Showing posts with label sight. Show all posts
Showing posts with label sight. Show all posts

Monday, June 20, 2011

Leafy Perception and Sorting out Detail

When I first started this blog, I alluded to, and then briefly wrote about my experience nearly losing my eyesight.

At the time, I was aswirl with fears and recalculations of life and trying to come to terms with it all.  As for many people, sight is my dominant sense.  I am a teacher, a reader, a writer; a filmmaker; and a musician whose greatest strength might be sight reading.

And I am a gardener.  Who studied it seriously enough to make it an avocation, and who chose not to make it a vocation, but relies upon it as a form of meditation.   So it was not the generic laments of "how will I read?" or "how can I create images on film?" or "will I be valuable, can I even function happily, as a musician who cannot read music?"  Each of those had their own levels of solvability.

It was when I looked across one of my garden beds out front, thinking I would scan for weeds, and realized I could not even differentiate the leaves of the wanted plants, that I was whalloped.


One of many amazing things about the human eye (and our brain) is how we can see this, this image as recorded by a camera, but then also instantly and seemingly simultaneously scan for up close detail.  Standing from this point, I can look into and across the top of the foliage and identify where errant grasses and weeds are.  Kind of hard here, even if you click on the picture and open it up bigger.

So I have to approximate what our eyes can do.  Kind of like I needed to that day I stood a few paces away from the bed out front, and had a rapid, blistering series of realizations.


Like our amazing eye/brain communication, I was simultaneously realizing "Hey, I can't see the weeds!"  and "Hey, I can't see...much of anything.  Green.  That's it."  All the while moving in closer and closer...


The killer was I got right in on top of the leaves.  Which, in that case, were siberian iris, ornamental grasses, and regular lawn grass grown tall enough to flower and go to seed.

Not that I'd know.

I was done for.

***

I take a lot of close up and macro images.  For all kinds of reasons:  they rarely fail to interest me, it's a shortcut to helping make a picture "work," it's the only way to be sure certain details my eye-brain is registering are being communicated to the viewer.

When I lost my eyesight--when it went fuzzy, when I watched it glaze over and out--I didn't just lose a type of input.  I lost an important physical metaphor for sorting and thinking.  Learning and practicing are complex things, and putting learned practiced knowledge and ability to work creating is yet another complex something.


When it comes to camera images, you can sort manually that which your brain does intuitively.  See that picture there, with the angelica and the purple iris in the foreground and the peach and purple iris in the left background?  Pull it up large.  Let your eye scan over it.  Decide what it in sharpest focus.  In photography parlance, you are identify just what plane in the depth of field was made to be the center of attention.

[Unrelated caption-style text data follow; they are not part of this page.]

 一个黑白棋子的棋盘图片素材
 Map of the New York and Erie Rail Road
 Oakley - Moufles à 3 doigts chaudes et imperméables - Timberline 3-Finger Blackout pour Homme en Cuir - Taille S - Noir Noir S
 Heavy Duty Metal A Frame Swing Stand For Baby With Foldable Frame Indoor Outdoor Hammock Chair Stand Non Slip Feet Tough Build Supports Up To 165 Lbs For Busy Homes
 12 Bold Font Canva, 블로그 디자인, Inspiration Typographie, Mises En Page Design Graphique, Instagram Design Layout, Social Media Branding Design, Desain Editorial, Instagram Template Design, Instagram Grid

In overblown fiction parlance, a character hones their eagle eyed attention on the pointy sharp edges of a loosely fronded angelica stalk, and notes the sharp contrast between edge and the surrounding air.

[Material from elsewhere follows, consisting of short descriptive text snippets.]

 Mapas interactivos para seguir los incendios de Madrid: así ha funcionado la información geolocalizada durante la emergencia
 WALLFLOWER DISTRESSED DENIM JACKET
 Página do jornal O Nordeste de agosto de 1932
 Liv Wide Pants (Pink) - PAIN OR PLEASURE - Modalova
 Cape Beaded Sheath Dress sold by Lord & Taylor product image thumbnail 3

Either way, you just sorted detail that was already sorted. Look again; that picture was not taken by having the camera a foot away from the angelica.  The camera is at a distance, and zoomed in on the angelica stalks.  The fence in the far background is over 10 feet away from the angelica, and not a soft wash of grey, but series of sharp edged planks with clearly visible graining and splinters.  WHEN one's attention is upon it.  This angle/lens choice removes the option of paying attention to that.

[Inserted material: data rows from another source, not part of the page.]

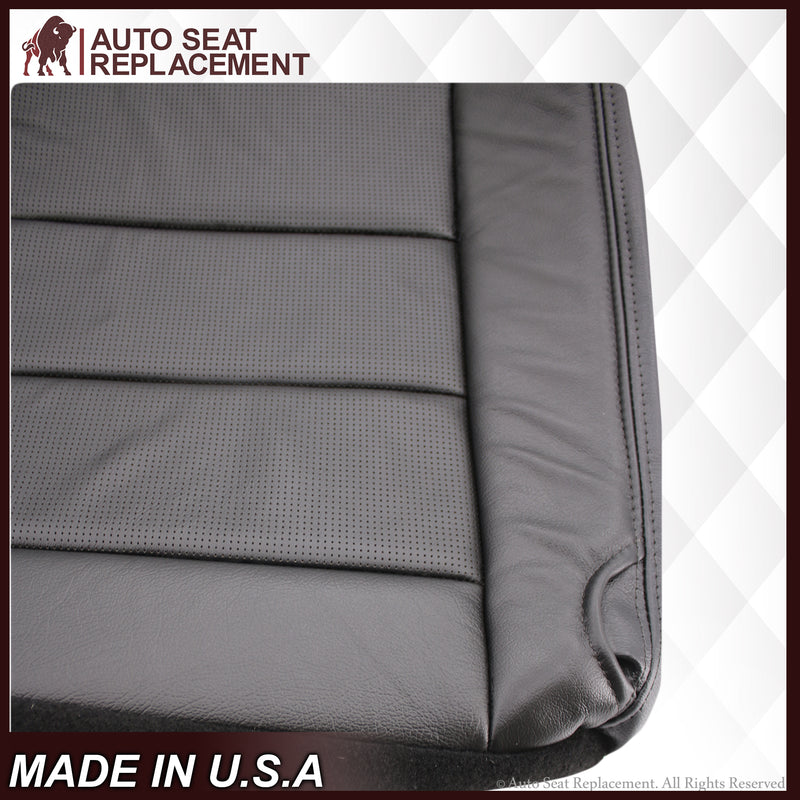 2002-2007 Ford F-250/F-350 Lariat Seat Cover in Black with Perforated Inserts: Choose From Variants- 2000 2001 2002 2003 2004 2005 2006- Leather- Vinyl- Seat Cover Replacement- Auto Seat Replacement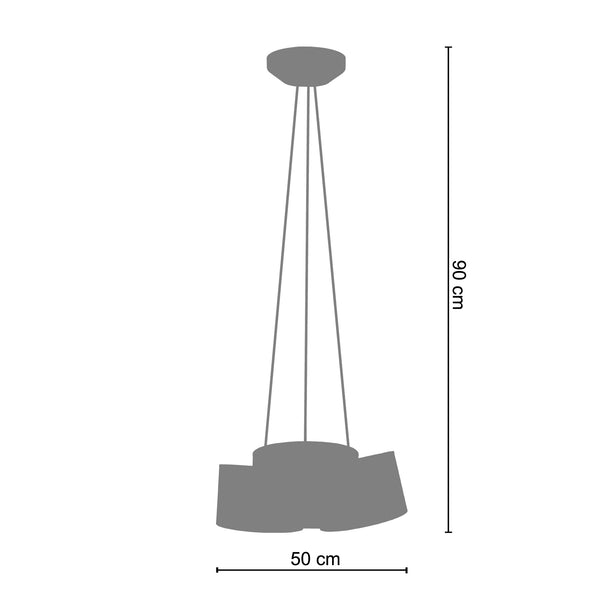 <transcy>Candeeiro de Teto ACTUELLE  46cm - 5 Luz - SKU 20965</transcy>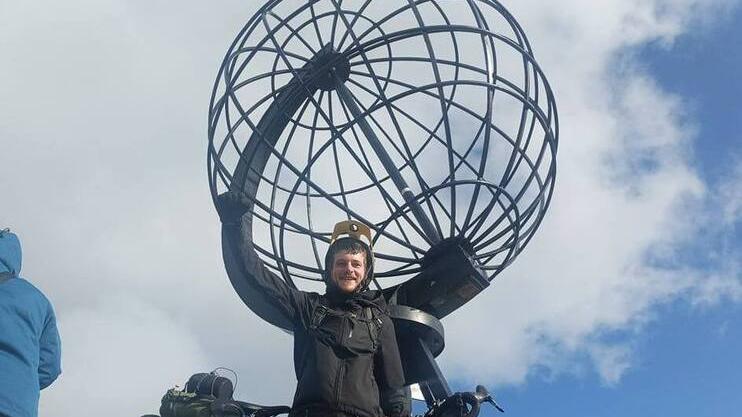 A Capo Nord in bici, il sogno di Filippo è diventato realtà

So, you sorted a further level of detail from a collection of input that had already been pared.  That's a lot of thinking.  That's a lot of deciding where and when to pay attention.  

All of the levels are important.  When you stand back from the garden, there is a flow, a rhythm, both in the moment and over time.  There are colors to mix/complement/contrast, smells to consider, heights to account for both in terms of visual pleasure and plant survival.  Whose pleasure and whose survival, of course, being another set of variables.

***

So when I think about the ability to scan a planted area and pick out the wanted from the not wanted, feel the rhythm the planting establishes and determine if there are any breaks or hiccups, imagine what the textural and color palette will present in the future and if amendments should be made accordingly, I occasionally think of what I imagine a perfumer does.  How they select their elements to play together in the moment and over time, in what proportion...and how they must reach in to "pluck" that which does not belong, whether instinctively (thanks to long experience) or by careful process of elimination.  Or guesswork, which will lead to learning.  In my imagination, it is instinctive--but as a gardener I know that sometimes it is long experience which leads to the non-thinking but correct gesture.

On the other hand, as a musician, I know that the "right" gesture can be the result of training, or instinct, or a combination of both.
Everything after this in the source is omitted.